TASK DESCRIPTION:
Please restate word for word the lines of the entries below from the one with "Boxing match with" to the one with "野生のカラスが2歳児と親友になる…でも他の人間には触らせない", inclusive, and leave out every picture.

LISTED ENTRIES:

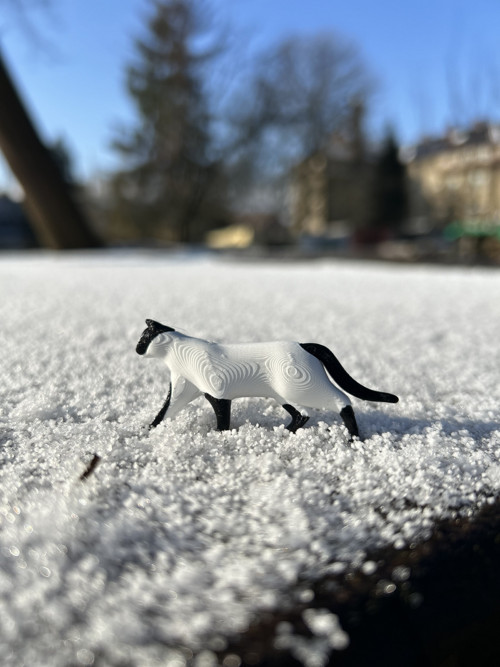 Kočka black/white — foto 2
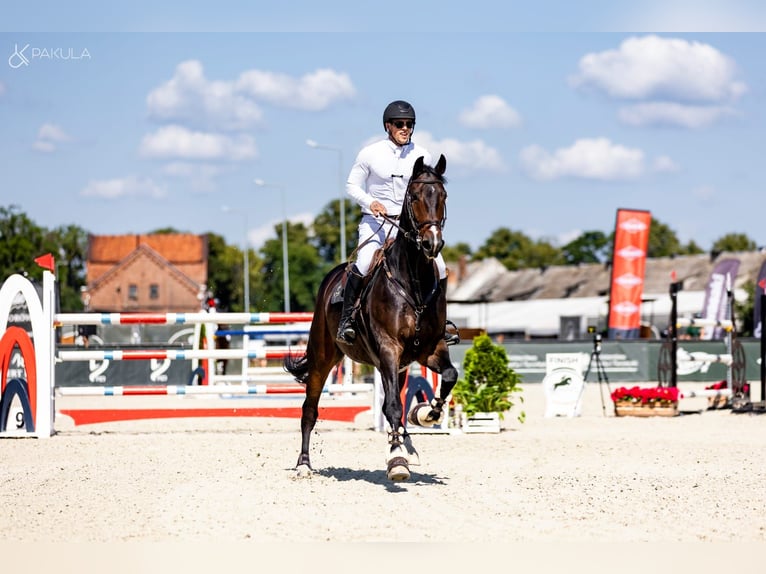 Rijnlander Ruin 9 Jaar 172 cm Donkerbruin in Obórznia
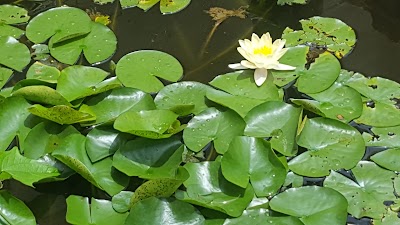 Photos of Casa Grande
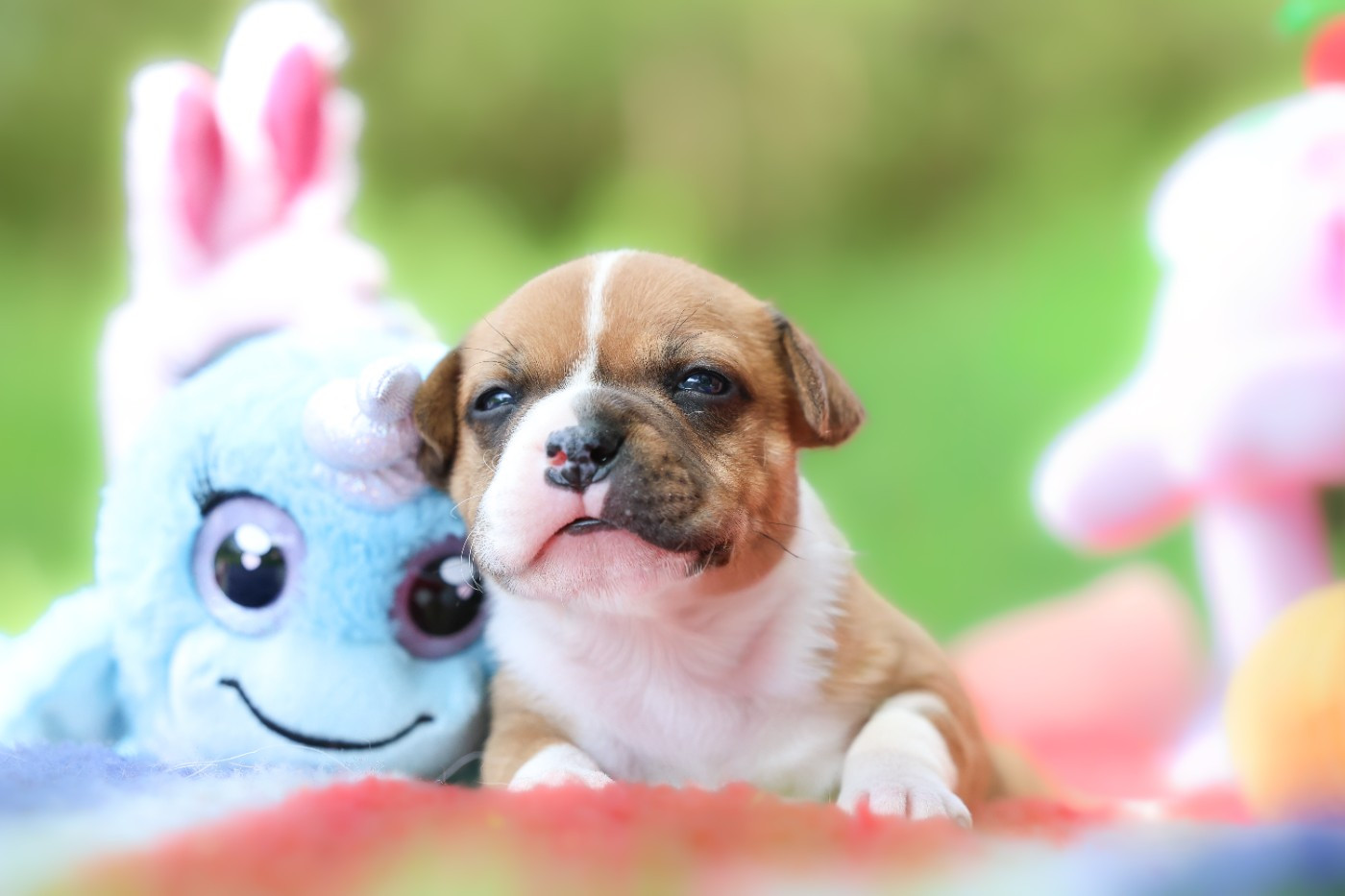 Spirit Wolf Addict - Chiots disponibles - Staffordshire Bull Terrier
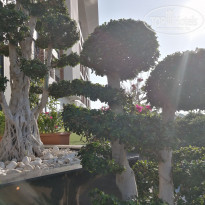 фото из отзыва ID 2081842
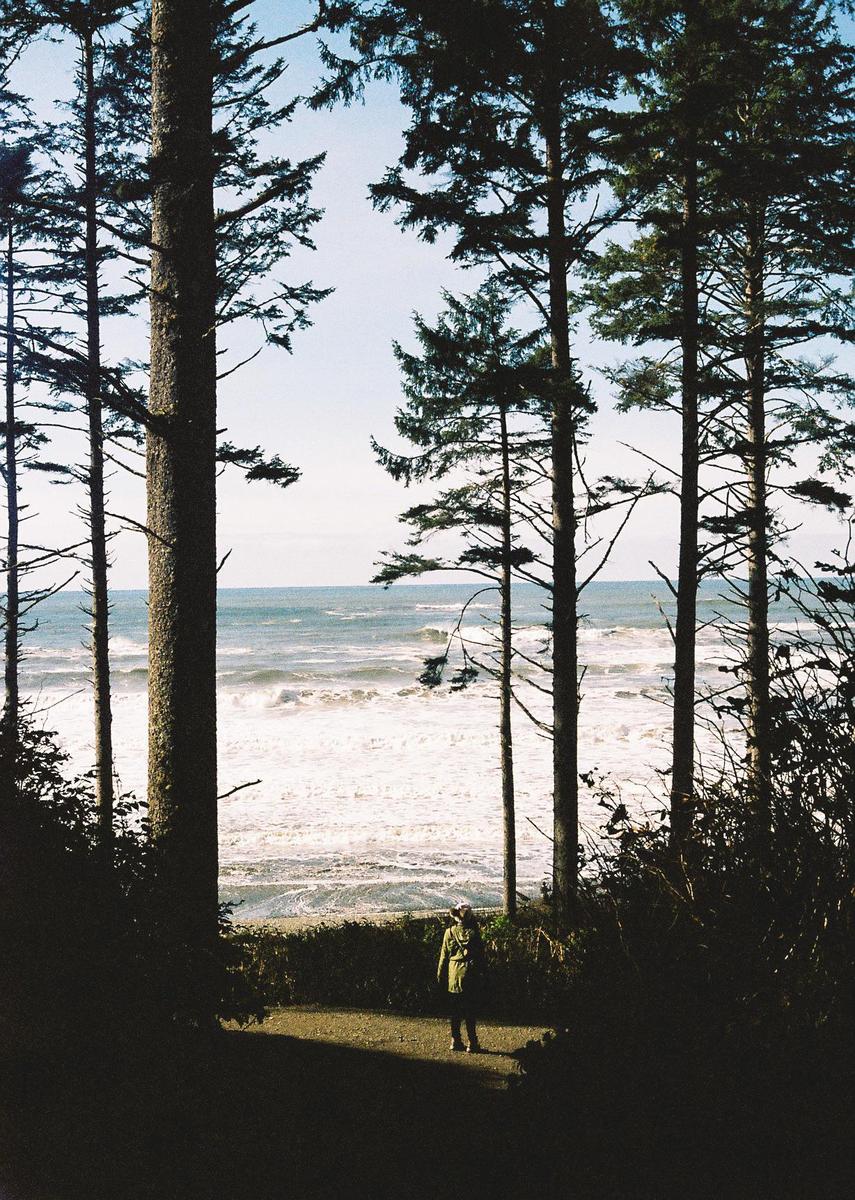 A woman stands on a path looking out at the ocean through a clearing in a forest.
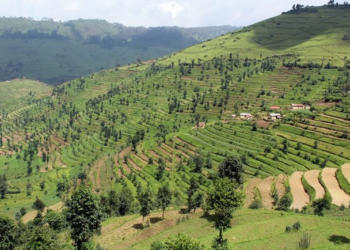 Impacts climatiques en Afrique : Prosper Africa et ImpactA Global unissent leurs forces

--

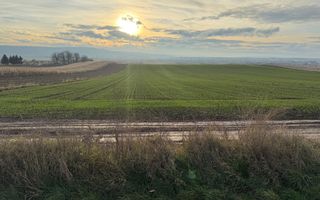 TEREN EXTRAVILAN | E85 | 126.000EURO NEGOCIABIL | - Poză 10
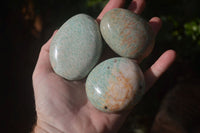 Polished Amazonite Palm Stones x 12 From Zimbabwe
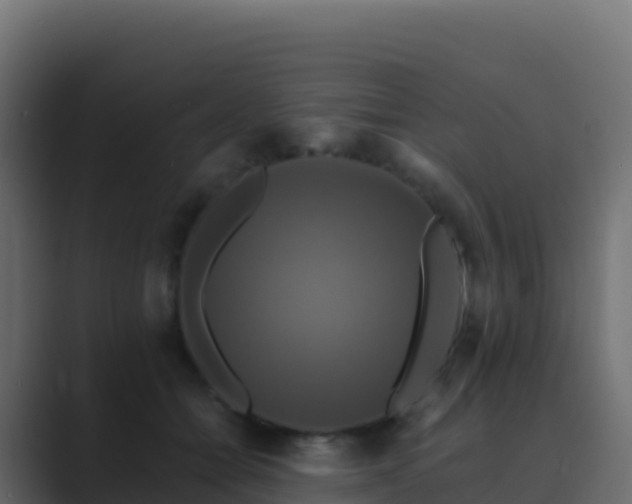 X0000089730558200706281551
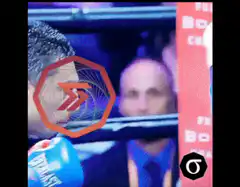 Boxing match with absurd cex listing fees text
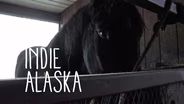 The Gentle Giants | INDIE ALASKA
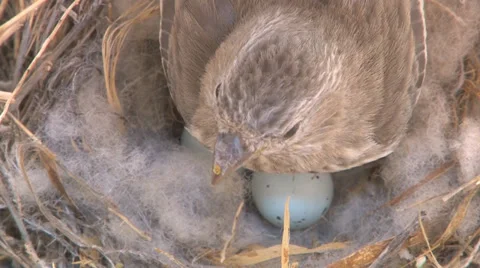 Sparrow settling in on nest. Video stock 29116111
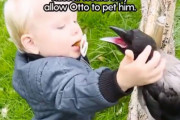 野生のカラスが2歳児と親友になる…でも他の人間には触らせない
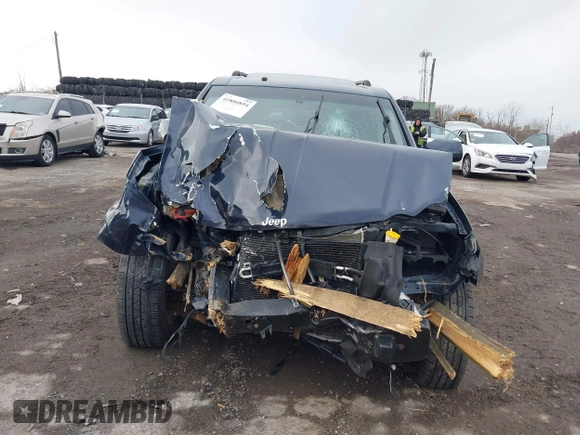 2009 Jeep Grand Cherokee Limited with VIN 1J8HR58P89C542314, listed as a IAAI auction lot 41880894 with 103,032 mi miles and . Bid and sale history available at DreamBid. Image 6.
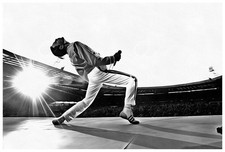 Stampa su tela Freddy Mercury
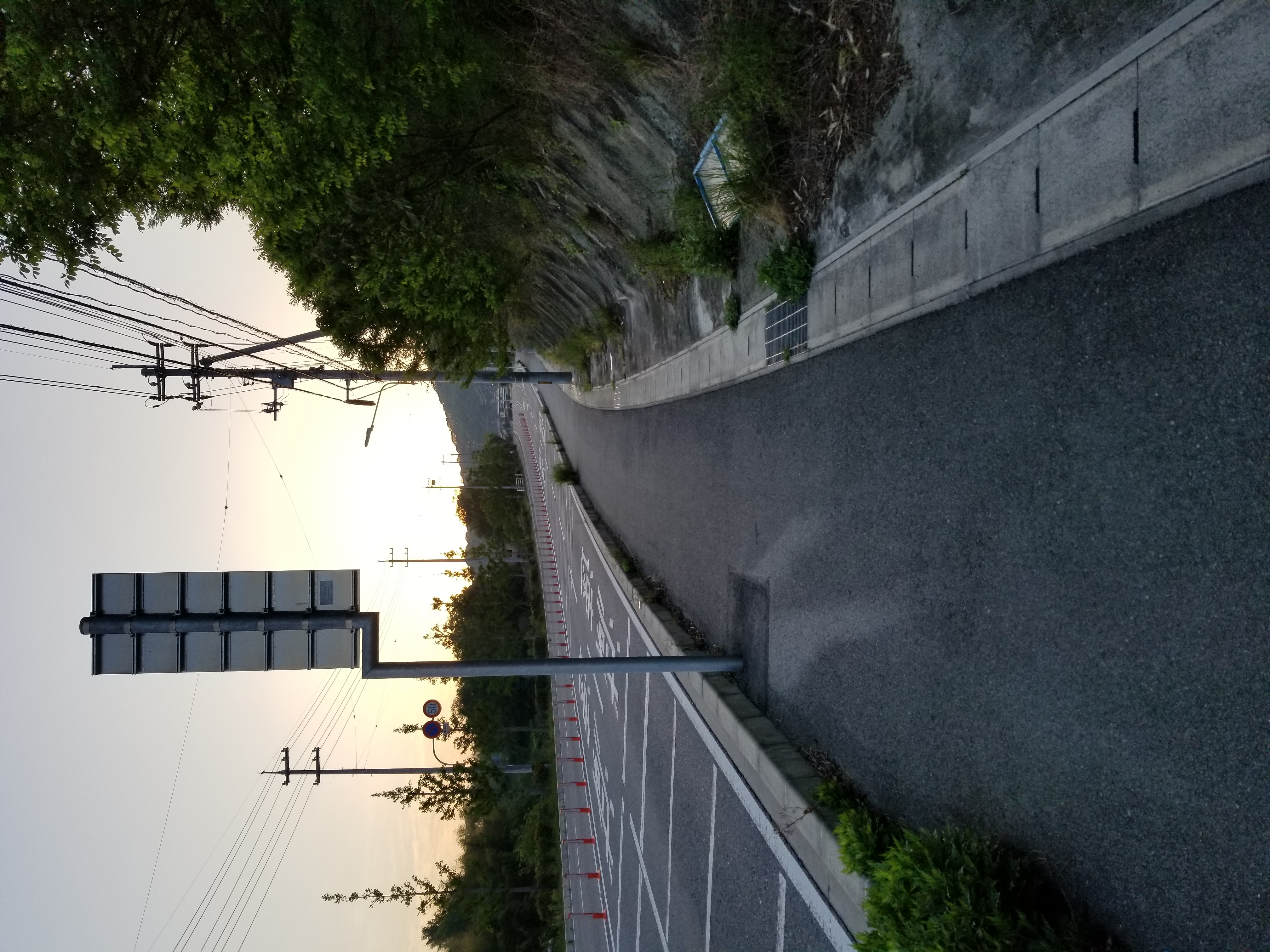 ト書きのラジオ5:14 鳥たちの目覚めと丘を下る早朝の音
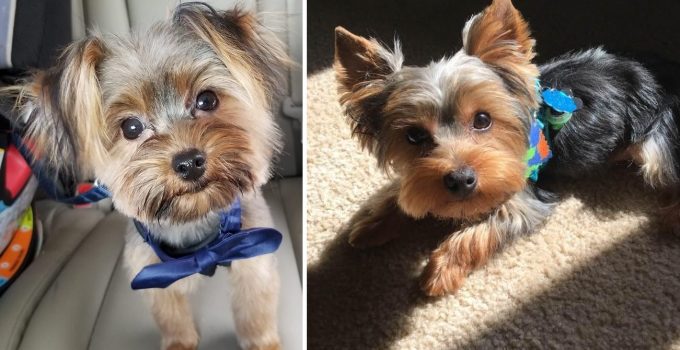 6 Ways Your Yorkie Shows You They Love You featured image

FINAL ANSWER:
 Boxing match with absurd cex listing fees text
 The Gentle Giants | INDIE ALASKA
 Sparrow settling in on nest. Video stock 29116111
 野生のカラスが2歳児と親友になる…でも他の人間には触らせない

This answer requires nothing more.